The results will be identical and the results of summing
will be quite detectable using an envelope detector just
as they would be from the modulator version.

---
The results would certainly _not_ be identical, since the 0.9e6

To clearly see the equivalency, in the summing version of the
circuit, add in the 1.0e6 signal as well. The resulting
signal will be identical to the one from the multiplier
version.

(You can improve the fidelity of the resulting summed version
by eliminating the op-amp. Just use three resistors. The op-amp
messes up the signal quite a bit.)

If you have access to Excel, you might try the spreadsheet
available here (http://keith.dysart.googlepages.com/radio5).
It plots the results of adding and multiplying, and lets
you play with the frequencies and phases.

....Keith

On Sun, 15 Jul 2007 04:14:33 -0700, Keith Dysart
wrote:

On Jul 14, 6:31 am, John Fields wrote:
On Thu, 05 Jul 2007 07:32:20 -0700, Keith Dysart

Since your modulator version has a DC offset applied to
the 1e5 signal, some of the 1e6 signal is present in the
output, so your spectrum has components at .9e6, 1e6 and
1.1e6.

---
Yes, of course, and 1e5 as well.

There is no 1e5 if the modulator is a perfect multiplier.

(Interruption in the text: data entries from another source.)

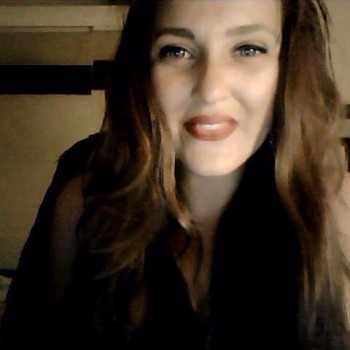 Profil von Mouni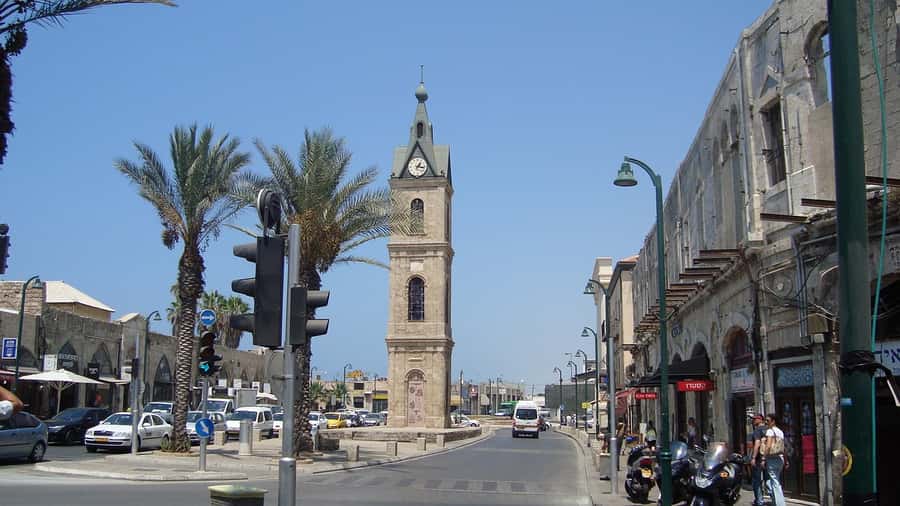 Jaffa's Timeless Tales: Legends & Labyrinths Private Tour - What the guide adds to the experience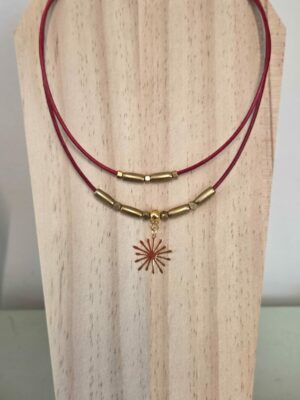 Collier femme cuir rond rouge, tubes et étincelle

A
practical multiplier will leak a small amount of 1e5.

Don't be fooled by the apparent 1e5 in the FFT from your
simulation. This is an artifact. Run the simulation with
a maximum step size of 0.03e-9 and it will completely
disappear. (Well, -165 dB).

To generate the same signal with the summing version you
need to add in some 1e6 along with the .9e6 and 1.1e6.

---
That wouldn't be the same signal since .9e6 and 1.1e6 wouldn't have
been created by heterodyning and wouldn't be sidebands at all.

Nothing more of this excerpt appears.